- _Data provided_:
┏━━

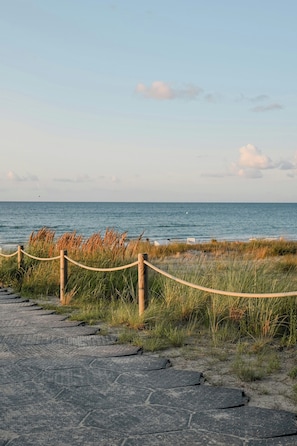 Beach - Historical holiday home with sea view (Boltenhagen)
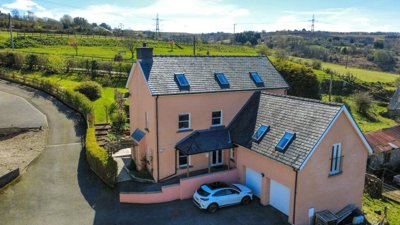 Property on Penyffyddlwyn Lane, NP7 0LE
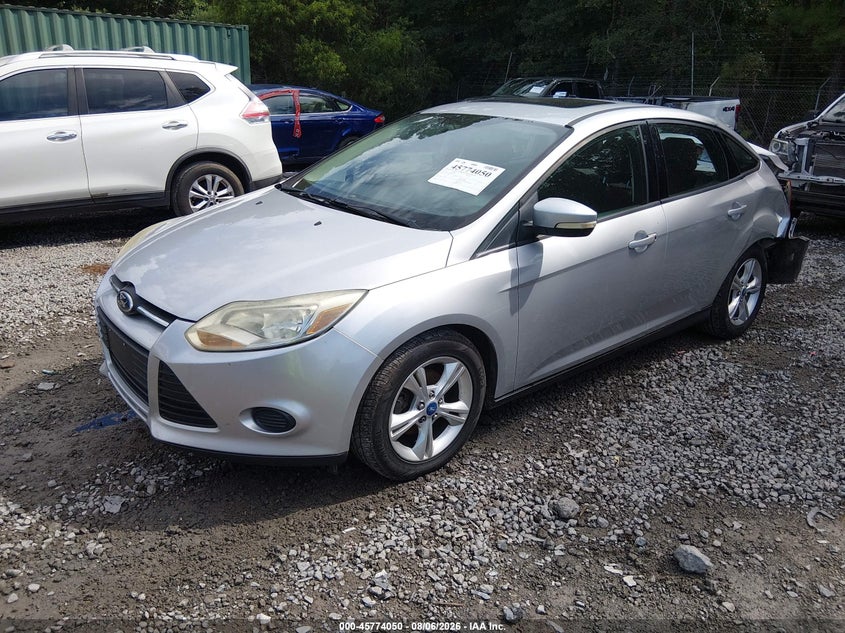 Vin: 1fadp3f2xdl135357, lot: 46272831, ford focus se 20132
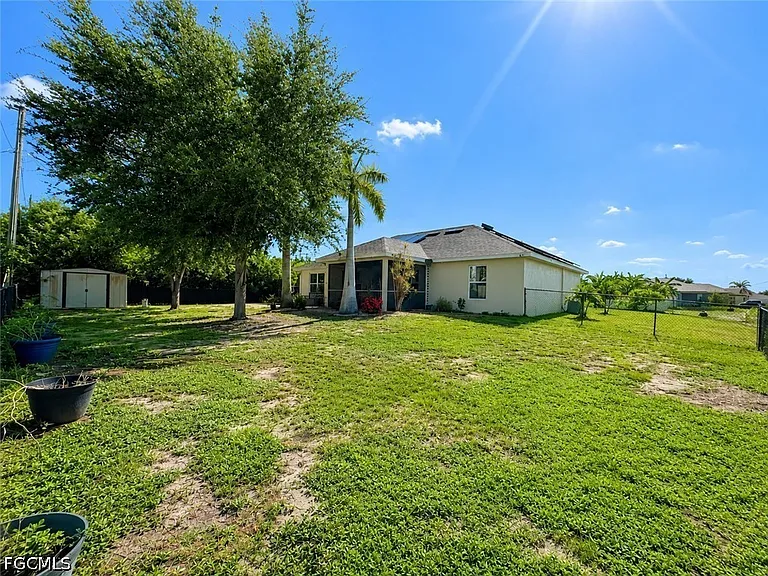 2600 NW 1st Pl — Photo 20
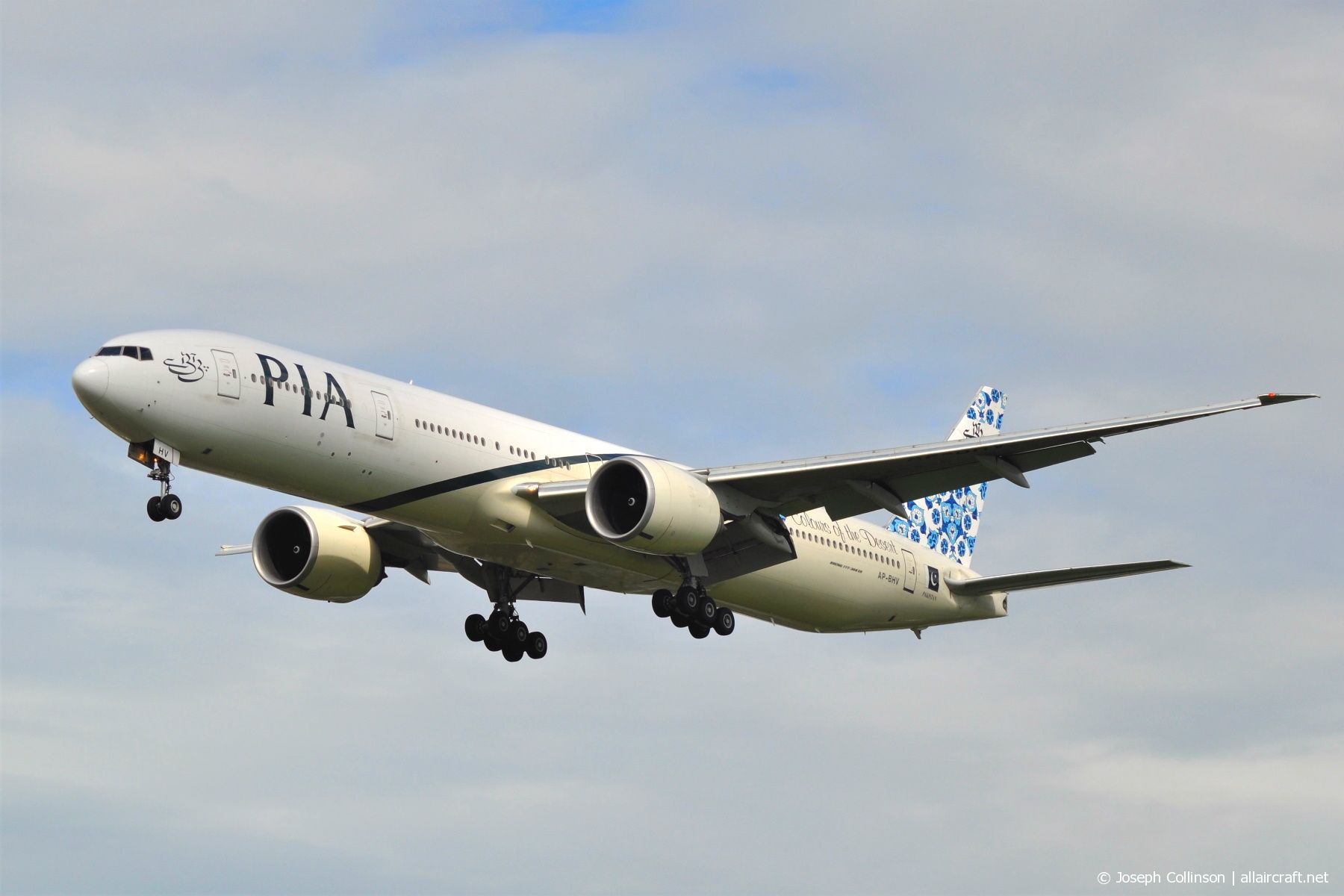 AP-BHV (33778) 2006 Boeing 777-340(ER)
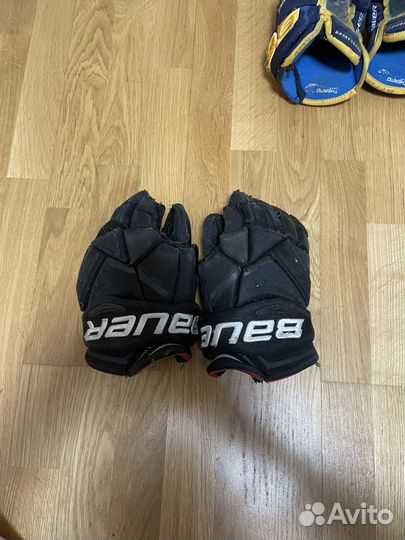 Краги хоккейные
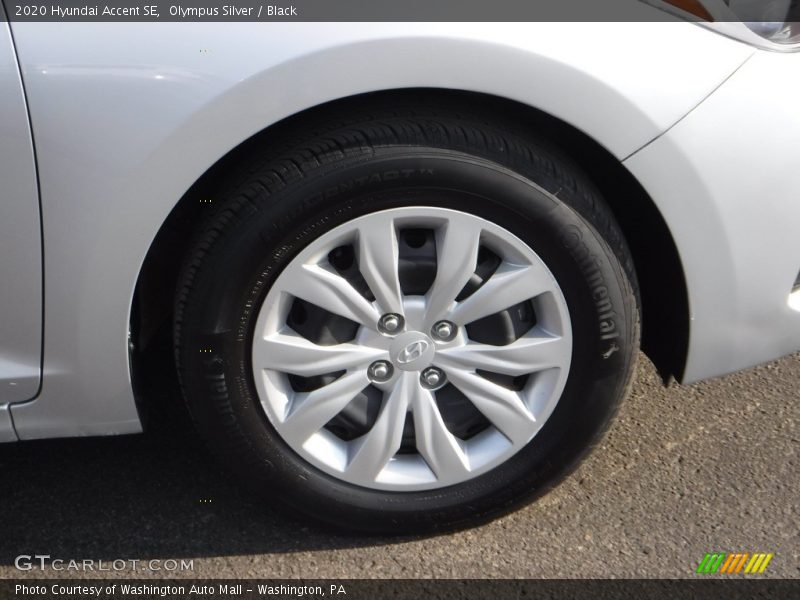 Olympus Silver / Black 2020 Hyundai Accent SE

┗━━
┏━━

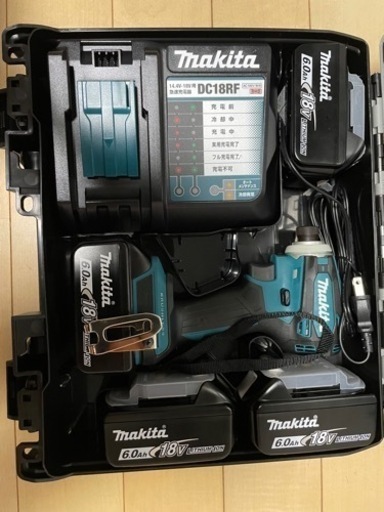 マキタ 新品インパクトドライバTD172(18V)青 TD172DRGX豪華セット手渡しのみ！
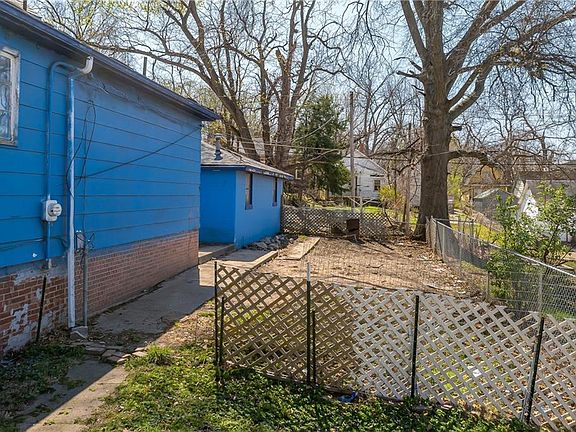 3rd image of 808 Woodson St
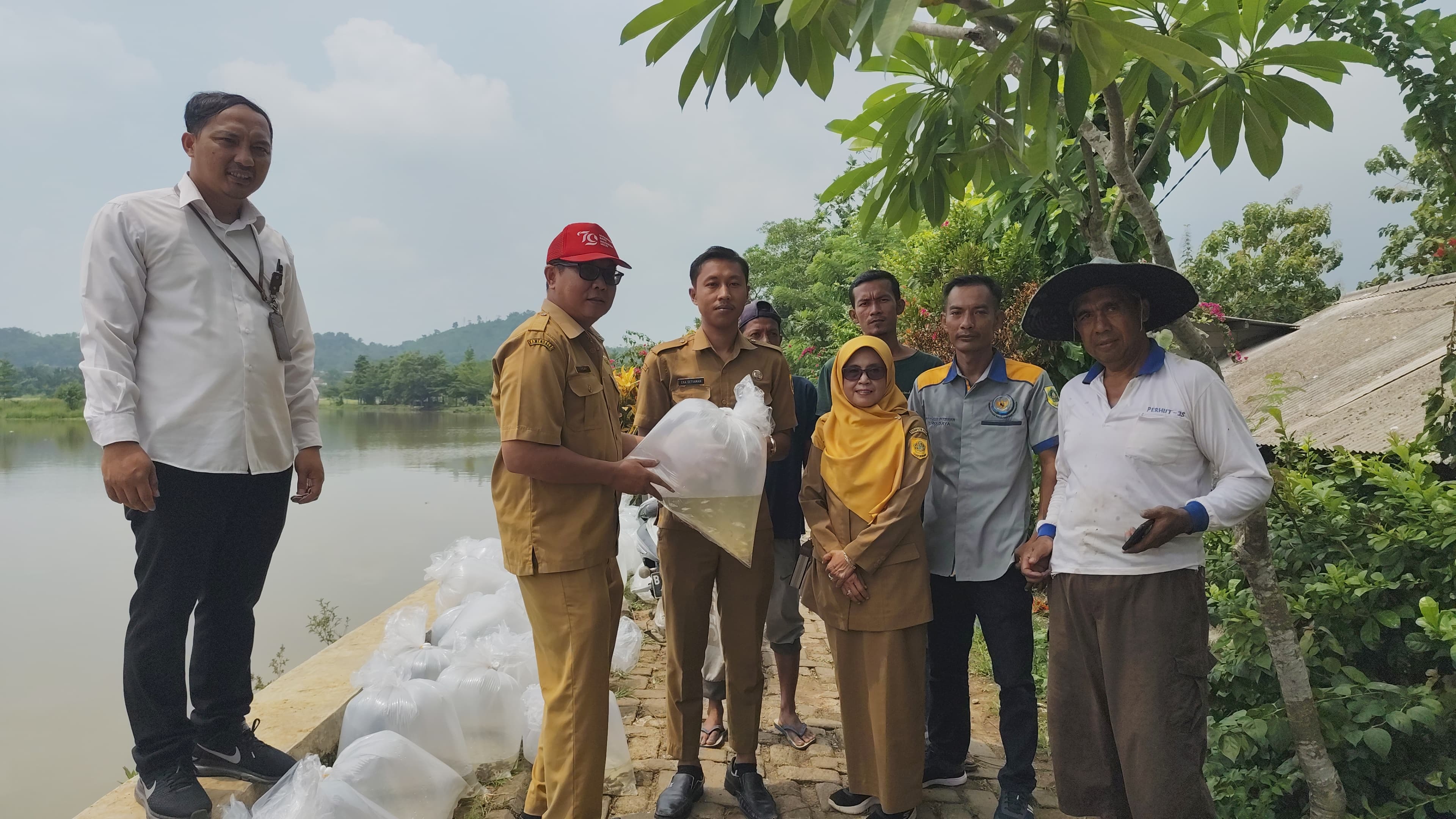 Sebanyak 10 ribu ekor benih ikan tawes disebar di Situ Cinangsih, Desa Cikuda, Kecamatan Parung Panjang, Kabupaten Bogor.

┗━━

- _Exercise description_: Start at the line containing "マキタ 新品インパクトドライバTD172(18V)青 TD172DRGX豪華セット手渡しのみ！" above and stop at the line containing "Sebanyak 10 ribu". Output those lines exactly, both included, but none of the pictures.

- _Exercise output_:
 マキタ 新品インパクトドライバTD172(18V)青 TD172DRGX豪華セット手渡しのみ！
 3rd image of 808 Woodson St
 Sebanyak 10 ribu ekor benih ikan tawes disebar di Situ Cinangsih, Desa Cikuda, Kecamatan Parung Panjang, Kabupaten Bogor.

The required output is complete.